Tennessee’s Compulsory Attendance Statute
Tennessee Code Annotated Section 49-6-3001.
(a) The public schools shall be free to all persons above the age of six (6) years, or who will become six (6) years of age on or before August 15 (effective 2014-15), residing within the state.
(1) Any child residing within the state who is six (6) years of age or who will become six (6) years of age on or before August 15 (effective 2014-15) may enter at the beginning of the term the public school designated by the local board of education having appropriate jurisdiction; provided, that such child enters within thirty (30) days after the opening day of the term.
(2) Any child who will not become six (6) years of age until after December 31 shall not enter school during that school year; provided, that school systems having semiannual promotions may admit at the beginning of any semester children who will become six (6) years of age within sixty (60) days following the opening of the semester.
(3) Where a pupil meets the requirements of the state board of education for transfer and/or admission purposes, as determined by the commissioner of education, such pupil may be admitted by a local board of education, notwithstanding any provision or act to the contrary.

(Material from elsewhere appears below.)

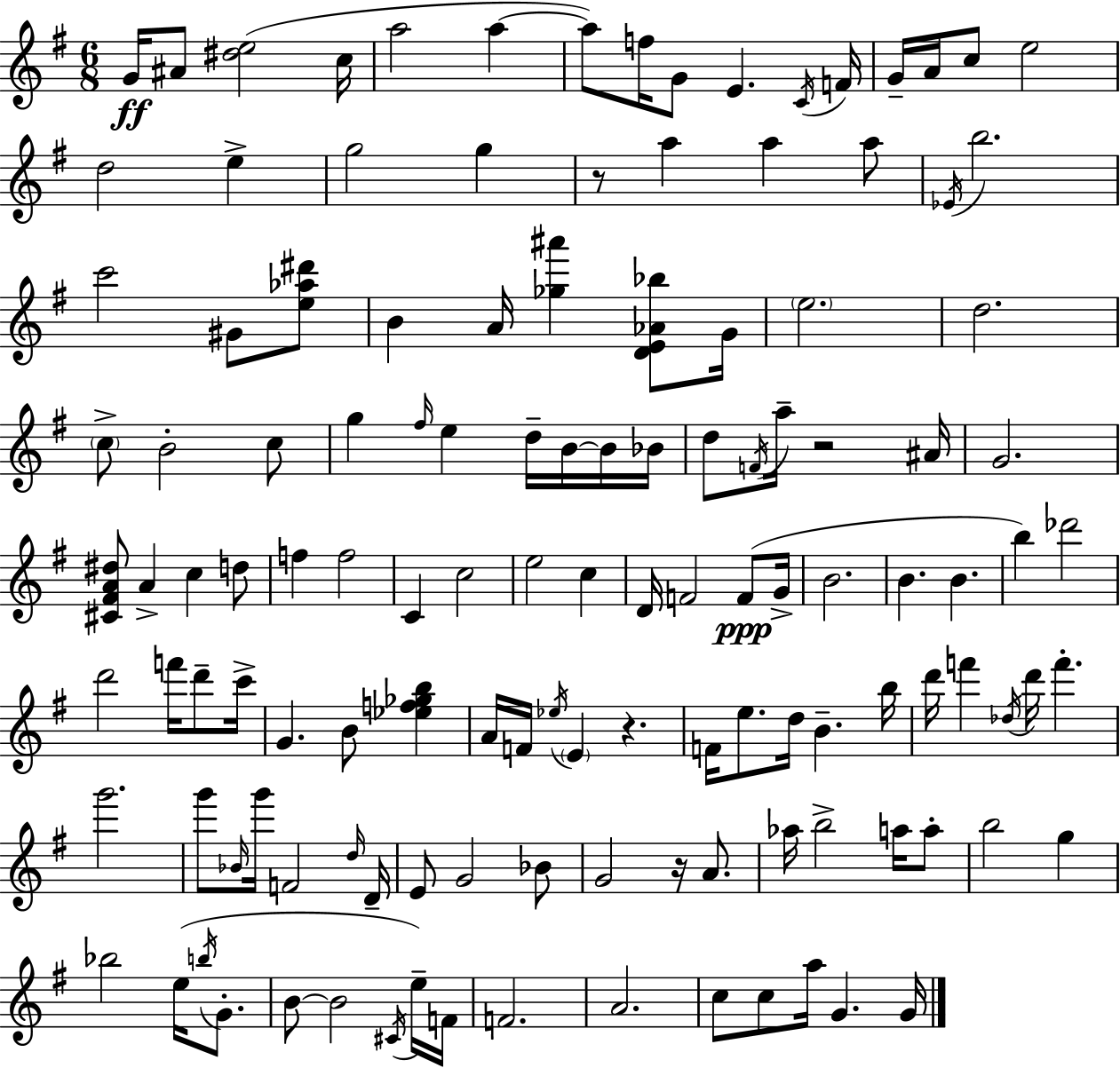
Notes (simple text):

G4/s A#4/e [D#5,E5]/h C5/s A5/h A5/q A5/e F5/s G4/e E4/q. C4/s F4/s G4/s A4/s C5/e E5/h D5/h E5/q G5/h G5/q R/e A5/q A5/q A5/e Eb4/s B5/h. C6/h G#4/e [E5,Ab5,D#6]/e B4/q A4/s [Gb5,A#6]/q [D4,E4,Ab4,Bb5]/e G4/s E5/h. D5/h. C5/e B4/h C5/e G5/q F#5/s E5/q D5/s B4/s B4/s Bb4/s D5/e F4/s A5/s R/h A#4/s G4/h. [C#4,F#4,A4,D#5]/e A4/q C5/q D5/e F5/q F5/h C4/q C5/h E5/h C5/q D4/s F4/h F4/e G4/s B4/h. B4/q. B4/q. B5/q Db6/h D6/h F6/s D6/e C6/s G4/q. B4/e [Eb5,F5,Gb5,B5]/q A4/s F4/s Eb5/s E4/q R/q. F4/s E5/e. D5/s B4/q. B5/s D6/s F6/q Db5/s D6/s F6/q. G6/h. G6/e Bb4/s G6/s F4/h D5/s D4/s E4/e G4/h Bb4/e G4/h R/s A4/e. Ab5/s B5/h A5/s A5/e B5/h G5/q Bb5/h E5/s B5/s G4/e. B4/e B4/h C#4/s E5/s F4/s F4/h. A4/h. C5/e C5/e A5/s G4/q. G4/s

(1) Every parent, guardian or other person residing within this state having control or charge of any child or children between the ages of seven (7) and seventeen (17) years, both inclusive, shall cause such child or children to attend public or non-public school, and in the event of failure to do so, shall be subject to the penalties hereinafter provided.
(2) The provisions of (c)(1) do not apply to any child who:
(A) Has received a diploma or other certificate of graduation issued to the person from a secondary high school of this state or any other state;
(B) Is enrolled and is making satisfactory progress in a course leading to a general educational development certificate (GED) from a state-approved institution or organization, or has obtained such certificate. Any institution or organization which enrolls a child who is under eighteen (18) years of age shall provide a report to the local board of education at least three (3) times each year relative to the progress of all such persons under eighteen (18) years of age. If the local board of education determines any child under eighteen (18) years of age is not making satisfactory progress, then such child shall be subject to the provisions of subdivision (c)(1); or
(C) A student enrolled in a home school who has reached seventeen (17) years of age.

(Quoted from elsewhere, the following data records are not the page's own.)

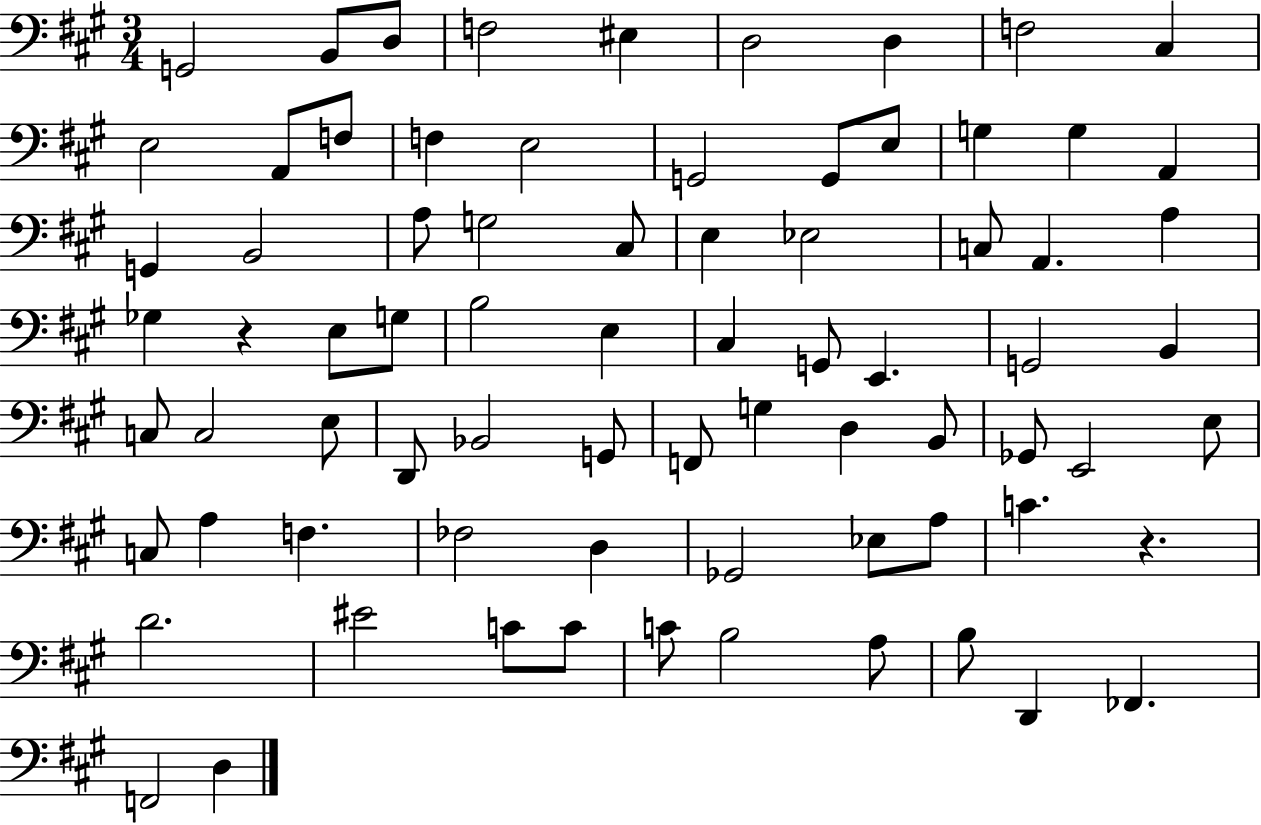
X:1
T:Untitled
M:3/4
L:1/4
K:A
G,,2 B,,/2 D,/2 F,2 ^E, D,2 D, F,2 ^C, E,2 A,,/2 F,/2 F, E,2 G,,2 G,,/2 E,/2 G, G, A,, G,, B,,2 A,/2 G,2 ^C,/2 E, _E,2 C,/2 A,, A, _G, z E,/2 G,/2 B,2 E, ^C, G,,/2 E,, G,,2 B,, C,/2 C,2 E,/2 D,,/2 _B,,2 G,,/2 F,,/2 G, D, B,,/2 _G,,/2 E,,2 E,/2 C,/2 A, F, _F,2 D, _G,,2 _E,/2 A,/2 C z D2 ^E2 C/2 C/2 C/2 B,2 A,/2 B,/2 D,, _F,, F,,2 D,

(3) For the purposes of this part, public school and non-public school are defined as follows:
(A) “Non-public school” means a church related school, home school or private school;
(i) “Church related school” means a school as defined in Section 49-50-801;
(ii) “Home school” means a school as defined in Section 49-6-3050; and
(iii) “Private school” means a school accredited by, or a member of, an organization or association approved by the state board of education as an organization accrediting or setting academic requirements in schools, or which has been approved by the state, or is in the future approved by the commissioner of education in accordance with rules promulgated by the state board of education; and
(B) “Public school” means any school operated by a local education agency or by the state with public funds.
(4) A parent or guardian with any good and substantial reason as determined by such parent or other person having legal custody of a child and agreed to by the respective local board of education, may withdraw such parent or other person’s child from a public school; provided that within thirty (30) days the parent or person having legal custody of the child places the child in a public school designated by such local board of education, or in a non-public school, as herein defined.